Kesimpulannya, Indonesia belum sepenuhnya siap, namun sedang dalam proses yang kuat dan menjanjikan menuju kesiapan. Ada potensi besar seperti optimisme tinggi, adopsi AI yang cepat di berbagai sektor, dan komitmen dalam transformasi digital.
Sementara tantangan yang harus segera diatasi di antaranya regulasi masih perlu diperinci, kesenjangan infrastruktur dan akses digital (terutama di daerah dan gender), investasi riset yang masih rendah, serta kebutuhan untuk meningkatkan pemahaman publik tentang risiko etis AI.
Jadi, bukannya “tidak siap sama sekali”, melainkan “belum siap sepenuhnya karena ada pekerjaan rumah untuk mencapai kesiapan yang optimal dan inklusif”. Tanpa aksi, potensi ini sia-sia belaka.
Fondasi Kuat dan Potensi Cerah Era AI di Indonesia
Indonesia memiliki landasan yang solid dan potensi besar untuk mengadopsi serta memanfaatkan AI demi kemajuan nasional. AI (generatif) menemukan tempatnya dalam operasional sehari-hari. Optimisme yang tinggi menjadi salah satu fondasi utama, hampir 70% responden survei menganggap AI sangat bermanfaat.
Adopsi AI di tingkat individu maupun institusi sudah menunjukkan kemajuan pesat: 86,4% karyawan telah aktif menggunakan perangkat AI pribadi, sementara 75,6% institusi juga telah mengintegrasikan teknologi ini, terutama untuk tugas-tugas seperti pembuatan konten, layanan pelanggan, dan dukungan pemasaran.
Potensi ini diperkuat oleh ekonomi digital Indonesia yang terus tumbuh, menjadikannya yang terbesar di Asia Tenggara. Investasi signifikan dalam ekosistem startup AI telah mendorong perusahaan-perusahaan raksasa, dari e-commerce seperti Tokopedia dan Traveloka hingga sektor finansial seperti BRI dan BCA, untuk memanfaatkan AI dalam mengoptimalkan bisnisnya.
Kehadiran penyedia layanan cloud internasional juga menjadi katalisator bagi transformasi digital. Dari sisi sumber daya manusia, kesiapan talenta AI menunjukkan tren positif.

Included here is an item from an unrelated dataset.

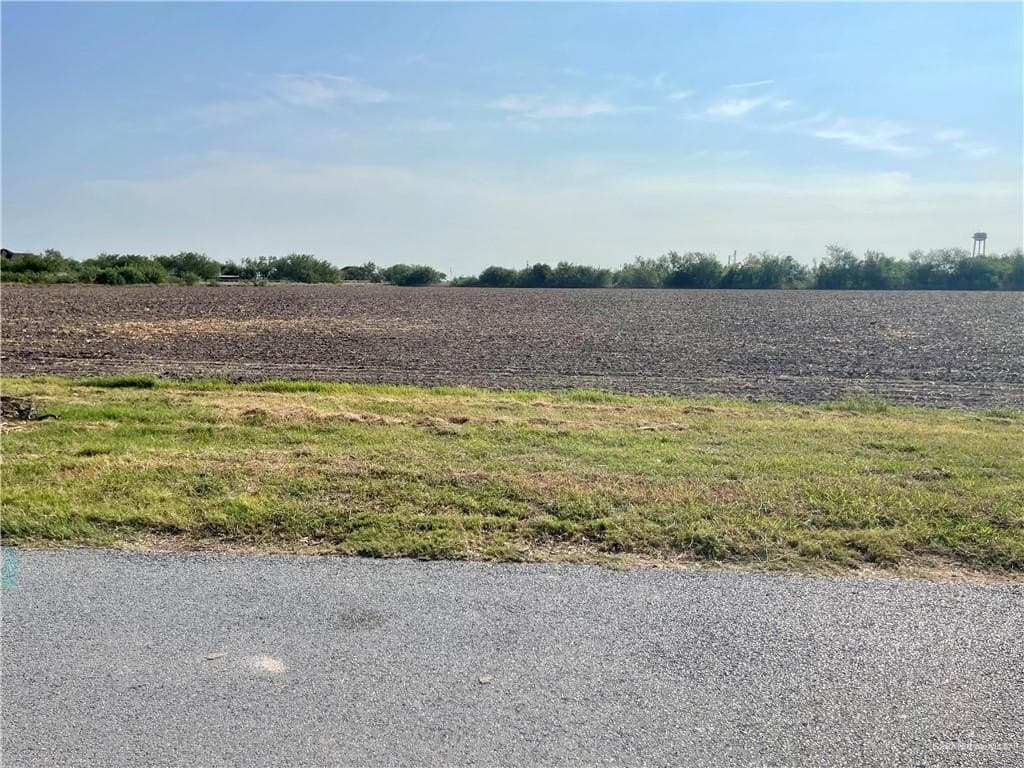 9.47 acres in Hidalgo County gallery image 2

Program pemerintah seperti “Bangkit” telah membekali lebih dari 15.000 mahasiswa dengan kompetensi AI dan Machine Learning, serta ribuan pegawai negeri melalui Beasiswa Talenta Digital.
Institusi juga secara aktif merencanakan perekrutan spesialis AI dan investasi dalam pelatihan karyawan, menandakan pentingnya keahlian ini di masa depan.
AI dipandang sebagai alat utama untuk meningkatkan produktivitas tenaga kerja, meningkatkan efisiensi operasional, bahkan memperkaya keterlibatan manusia di berbagai sektor seperti pendidikan dan layanan publik.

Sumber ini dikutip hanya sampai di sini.